**Problem to work on**
Give the data again exactly as it appears, excluding any pictures.

**Information shown**
▬▬▬

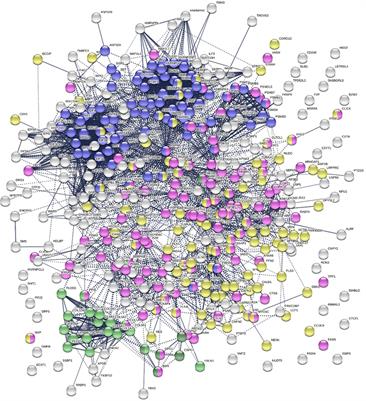 Frontiers | An Autoantigen Atlas From Human Lung HFL1 Cells Offers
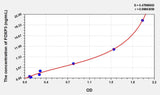Mouse FOXP3(Forkhead Box Protein P3) ELISA Kit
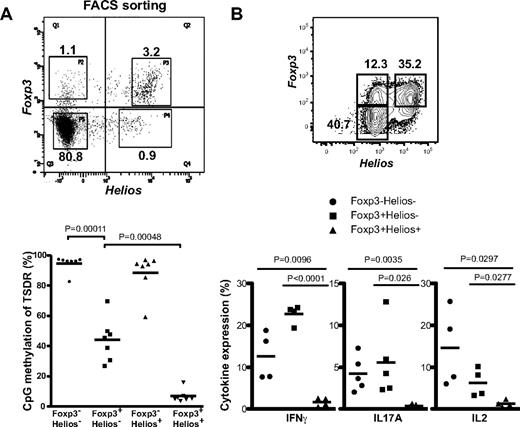Figure 1. Foxp3+Helios+ Tregs have uniformly demethylated TSDR and do not produce inflammatory cytokines. (A) CD4+CD25hi cells were isolated from the buffy coat of a male donors (n = 7), fixed-permeabilized, and stained for intracellular expression of Foxp3 and Helios. Stained cells were sorted into the 4 different fractions. Upper plot shows the staining and gating condition before sorting. For DNA methylation analysis of the TSDR, bisulfite modification of genomic DNA was performed after extraction from the sorted fractions. Methylation of CpG was read and analyzed by the pyrosequencing method. Results from 7 donors are shown in the lower plot. (B) CD4+CD25+ cells were sorted from the buffy coat and were stimulated with plate-bound anti-CD3 and anti-CD28 antibodies for 6 days. The cells were then expanded for an additional 5 days with anti-CD3/anti-CD28 antibody-coated magnetic beads (CD3/CD28-beads). Intracellular staining for IFNγ (n = 4), IL17A (n = 5), and IL2 (n = 4) was performed after restimulation with PMA and ionomycin. Top dot plot is an example to show the gating of each subset separated by Foxp3 and Helios expression in the expanded population.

▬▬▬

**Exercise response**
 Frontiers | An Autoantigen Atlas From Human Lung HFL1 Cells Offers
Mouse FOXP3(Forkhead Box Protein P3) ELISA Kit
Figure 1. Foxp3+Helios+ Tregs have uniformly demethylated TSDR and do not produce inflammatory cytokines. (A) CD4+CD25hi cells were isolated from the buffy coat of a male donors (n = 7), fixed-permeabilized, and stained for intracellular expression of Foxp3 and Helios. Stained cells were sorted into the 4 different fractions. Upper plot shows the staining and gating condition before sorting. For DNA methylation analysis of the TSDR, bisulfite modification of genomic DNA was performed after extraction from the sorted fractions. Methylation of CpG was read and analyzed by the pyrosequencing method. Results from 7 donors are shown in the lower plot. (B) CD4+CD25+ cells were sorted from the buffy coat and were stimulated with plate-bound anti-CD3 and anti-CD28 antibodies for 6 days. The cells were then expanded for an additional 5 days with anti-CD3/anti-CD28 antibody-coated magnetic beads (CD3/CD28-beads). Intracellular staining for IFNγ (n = 4), IL17A (n = 5), and IL2 (n = 4) was performed after restimulation with PMA and ionomycin. Top dot plot is an example to show the gating of each subset separated by Foxp3 and Helios expression in the expanded population.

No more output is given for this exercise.